Aim of the task: Without the images, output each record below as it stands.

#### Input data ####

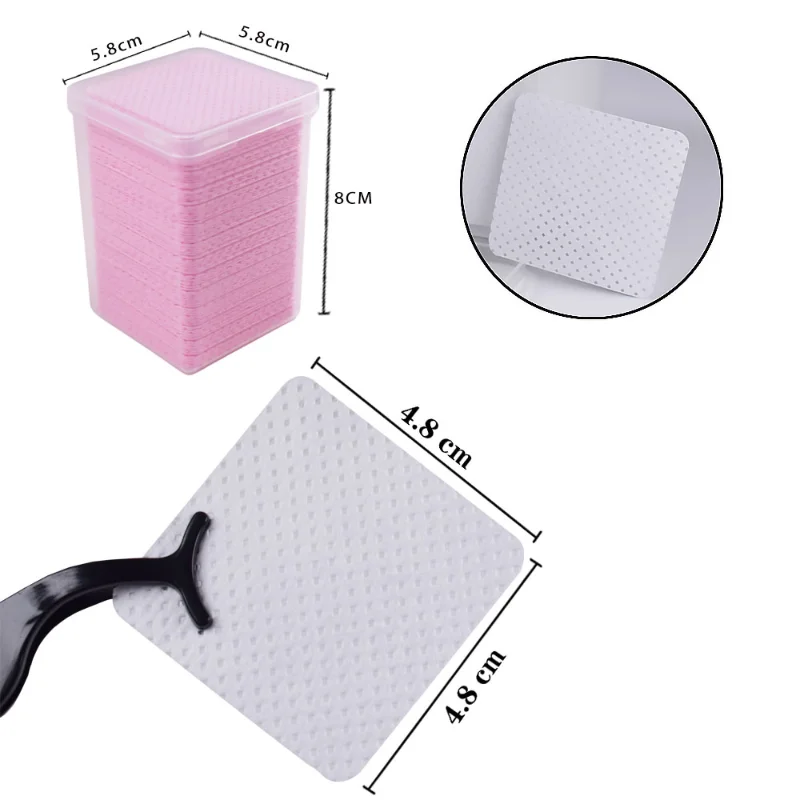 200PCS/Box Disposable Remover Cotton Pad Wipes Nail Polish Eyelashes Glue Cleaner Lint-Free Paper Pad Cleaning Manicure Supplies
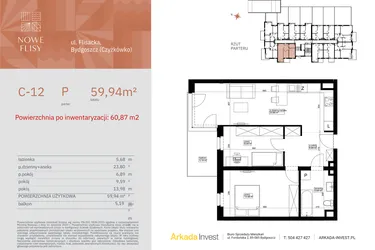 Rzut - Mieszkanie na sprzedaż 3 pokoje o powierzchni 60,87 m² - numer M12_NF.c w Nowe Flisy II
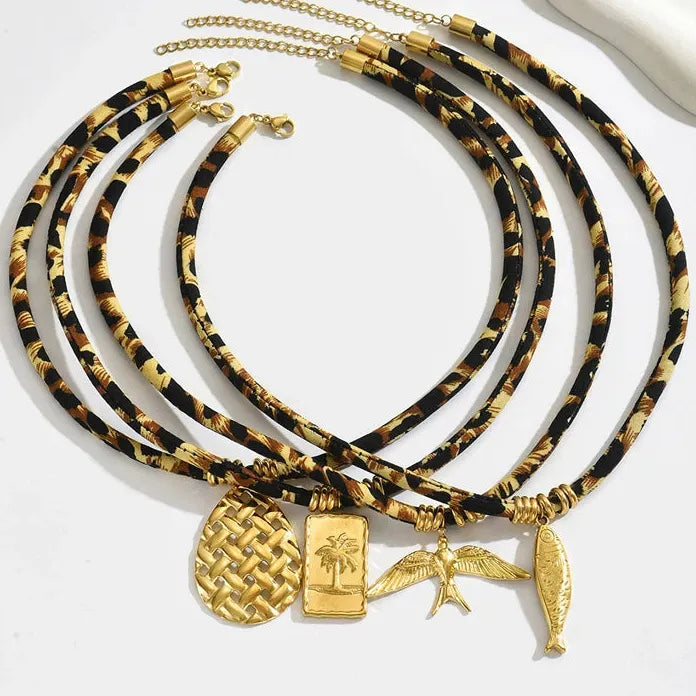 Adjustable Leopard Print Cord Necklace with Zinc Alloy Fish Bird Pendant Choker Gift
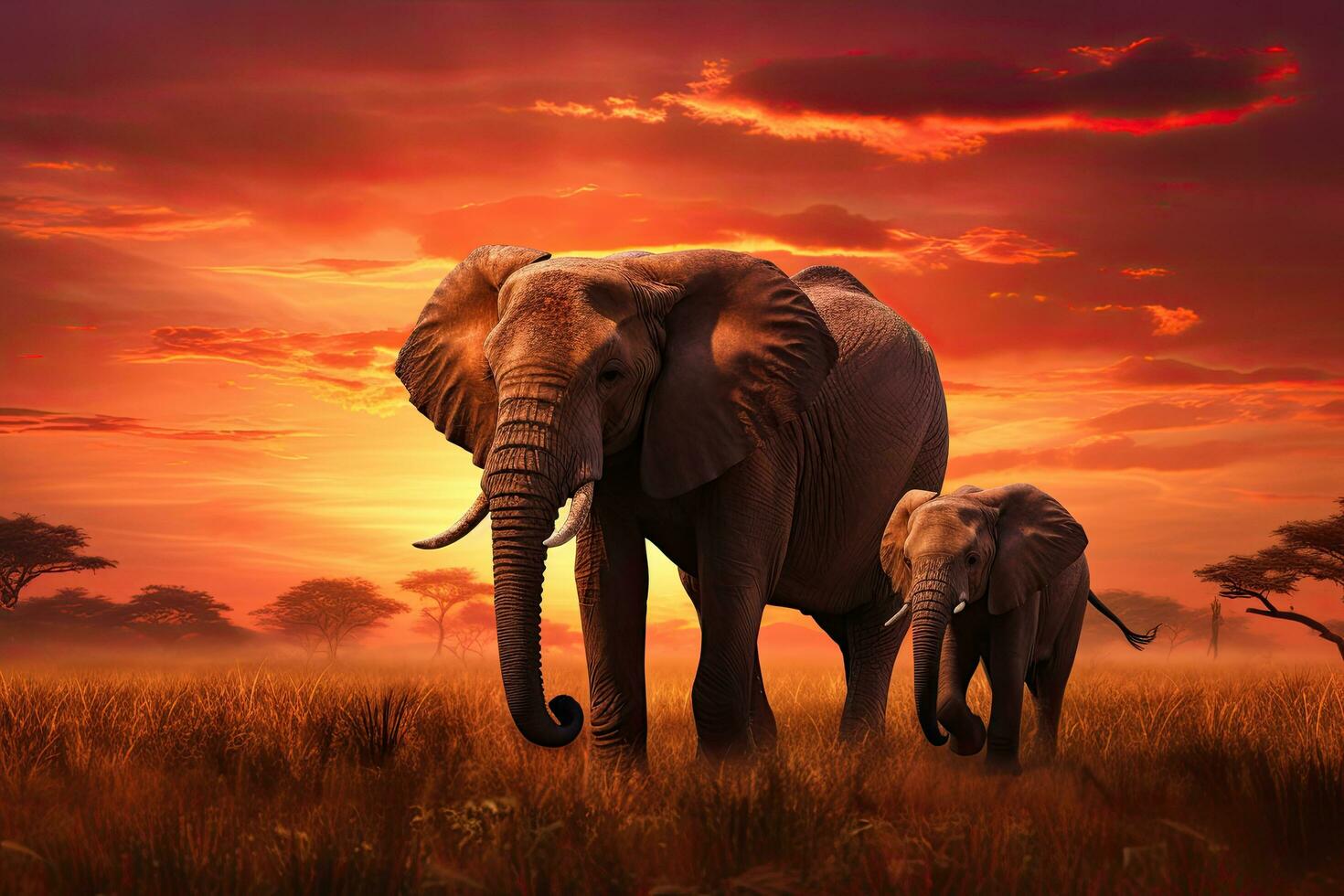 africano elefante con bambino nel savana a tramonto, 3d rendere, africano savana a tramonto con Due elefanti loxodonta africana, ai generato foto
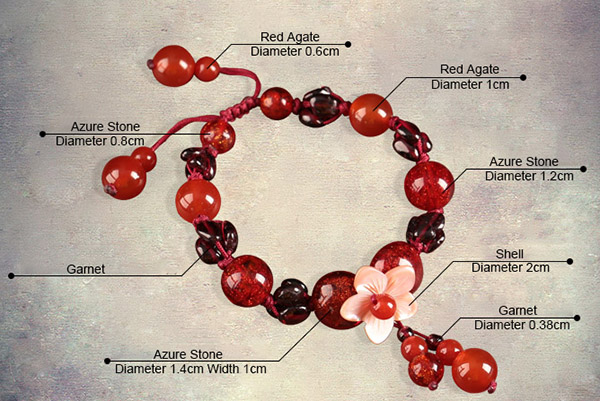 Red Agate Gamet String Bracelets, Handmade Bracelet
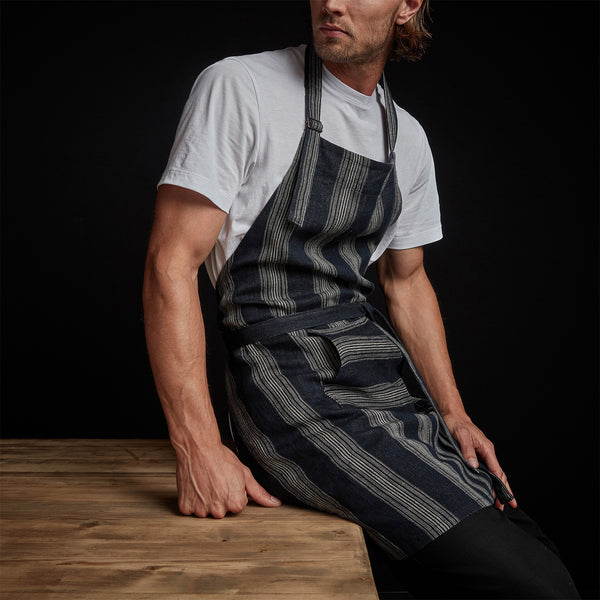 Stripe Full Apron W/ Pocket in Navy Stripe | James Perse Los Angeles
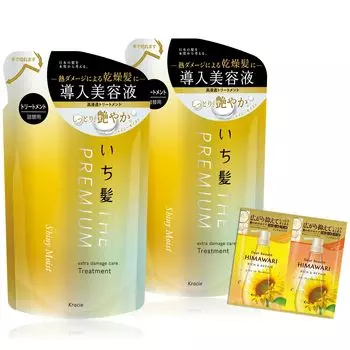 Ichikami THE PREMIUM Extra Damage Care Представляем сыворотку в наборе для лечения, сменный блок 340 г x 2, с бонусным кондиционером для волос [Shiny Moist] | Для мужчин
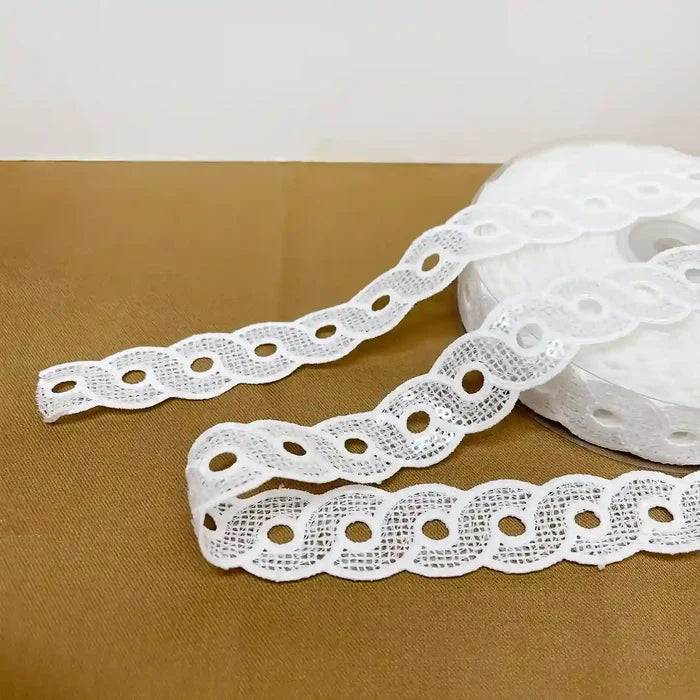 2.7 cm | White Geometric Ring Border | 2 Meter | SKU-K605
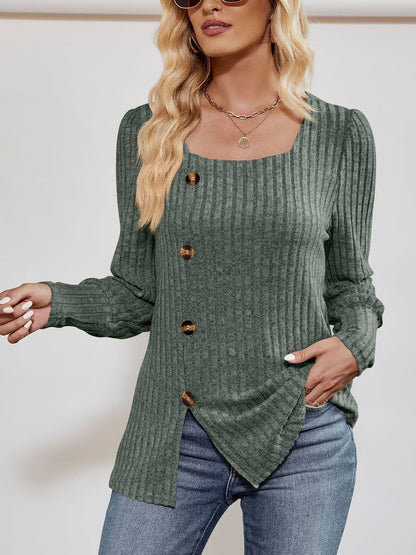 Square Neck Long Sleeve Button Decor Split Blouse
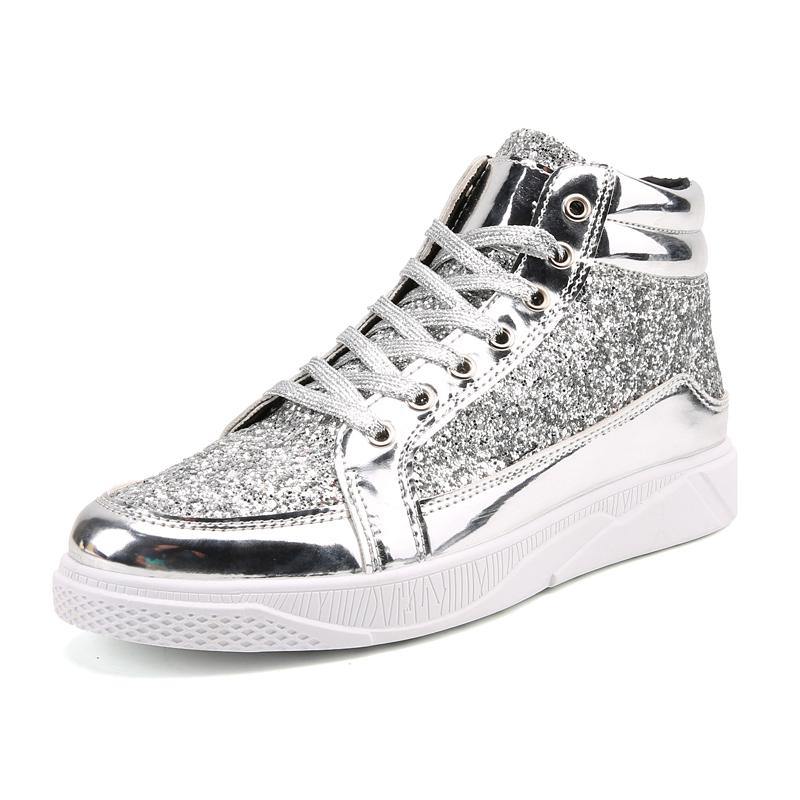 Women Shoes Gold Sneakers Shining Fashion Trainers Women Shoes Casual Lace-Up Tenis Feminino Zapatos De Mujer Womens Sneakers - Surprise store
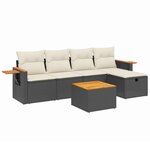 vidaXL Salon de jardin 6 Pièces avec coussins noir résine tressée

####

Response to the exercise:
 200PCS/Box Disposable Remover Cotton Pad Wipes Nail Polish Eyelashes Glue Cleaner Lint-Free Paper Pad Cleaning Manicure Supplies
 Rzut - Mieszkanie na sprzedaż 3 pokoje o powierzchni 60,87 m² - numer M12_NF.c w Nowe Flisy II
 Adjustable Leopard Print Cord Necklace with Zinc Alloy Fish Bird Pendant Choker Gift
 africano elefante con bambino nel savana a tramonto, 3d rendere, africano savana a tramonto con Due elefanti loxodonta africana, ai generato foto
 Red Agate Gamet String Bracelets, Handmade Bracelet
 Stripe Full Apron W/ Pocket in Navy Stripe | James Perse Los Angeles
 Ichikami THE PREMIUM Extra Damage Care Представляем сыворотку в наборе для лечения, сменный блок 340 г x 2, с бонусным кондиционером для волос [Shiny Moist] | Для мужчин
 2.7 cm | White Geometric Ring Border | 2 Meter | SKU-K605
 Square Neck Long Sleeve Button Decor Split Blouse
 Women Shoes Gold Sneakers Shining Fashion Trainers Women Shoes Casual Lace-Up Tenis Feminino Zapatos De Mujer Womens Sneakers - Surprise store
 vidaXL Salon de jardin 6 Pièces avec coussins noir résine tressée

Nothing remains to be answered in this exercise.